Em defesa desta condição, pode acertadamente dizer-se que, porventura, um procedimento de revisão constitucional não será o contexto mais adequado para um debate sobre grandes opções políticas. Talvez as grandes alterações não peçam sequer debate, mas apenas acção revolucionária: uma acção que, justamente, inaugura um novo discurso destinado à sua própria legitimação, um discurso porventura sob a forma de uma constituição. Cada constituição estará, portanto, comprometida com uma certa ideia do político, e só poderá ser alterada na medida em que esse comprometimento fundamental não seja colocado em causa.

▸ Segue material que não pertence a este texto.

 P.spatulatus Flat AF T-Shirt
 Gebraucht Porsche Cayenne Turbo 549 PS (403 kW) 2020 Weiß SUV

Tudo isto parece acertado. Mas entre a petrificação e a ruptura totais há muitos pontos de permeio, cada um deles na tensão entre a continuidade e a mudança, por intermédio dos quais se pode oferecer uma nova ordem às instituições sem que haja uma sua solução de continuidade. Ora: não se detecta, nestes projectos de revisão constitucional, nenhuma tensão fundamental. Há, reconhece-se, algumas propostas em matérias polémicas e aparatosas, algumas delas até de enorme relevo, e que não devem ser secundarizadas. Mas, ainda assim, insiste-se: não se divisa qualquer tensão a respeito da forma como deve ser ideada a ordenação do fenómeno político. Onde não há tensão, é também difícil haver envolvimento.

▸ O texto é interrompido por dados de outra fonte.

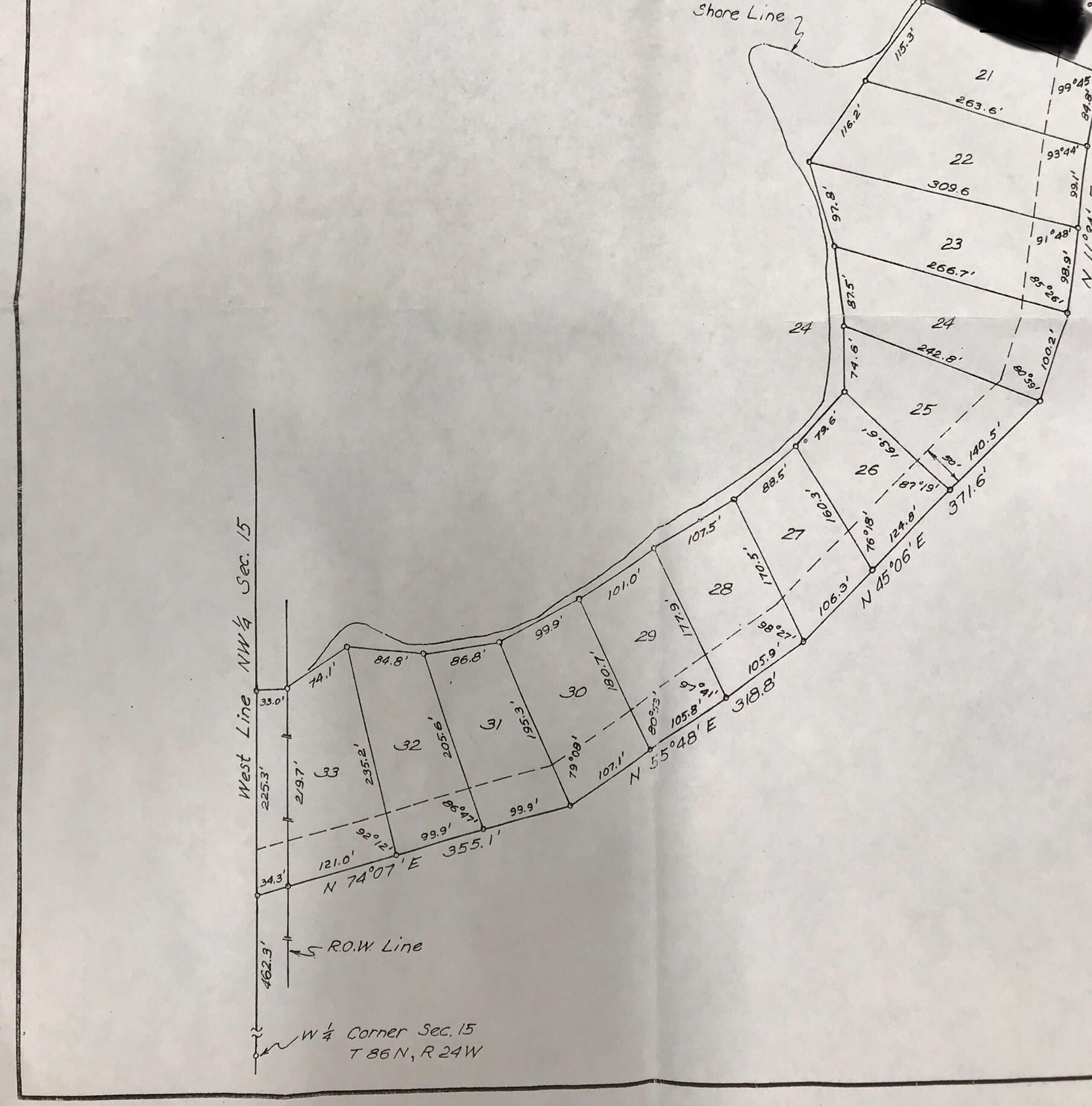6 45 Acres In Hamilton County Iowa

Nalguma medida, esse estreitamento do «imaginário político» tem consequências no plano antropológico. Que ideia de cidadão projecta o texto constitucional? Que estatuto lhe concede? Para que se dá a organização política da sociedade? Uma parte do espírito do tempo parece ter sido especialmente bem captado pelo Bloco de Esquerda, quando propôs que ao «desenvolvimento da personalidade dos jovens, a criação de condições para a sua efectiva integração na vida activa, o gosto pela criação livre e o sentido de serviço à comunidade», se antepusesse como fim prioritário da política da juventude o «bem-estar». E, mais recentemente, a actual líder elevou a mote da respectiva acção política geral a promoção da «vida boa». Parece ser, realmente, uma cultura de procura do «bem-estar», e de um Estado que o garanta – e que capte recursos para o efeito, e que defina o tipo de bem-estar que entender dever prestar, e que segmente diferentes categorias de bem-estar, e que modere a respectiva prestação, e que eduque a sua população a estar bem com o que lhe é fornecido, etc. –, a servir de paradigma incontestado à ordenação política.
A muitos, tudo isto poderá parecer pouco. Mas não é realmente fácil configurar alternativas. Testemunha-o, na verdade, a ausência de um relevante debate público que arrisque insuflar um pouco de vida na estruturação básica da vida política.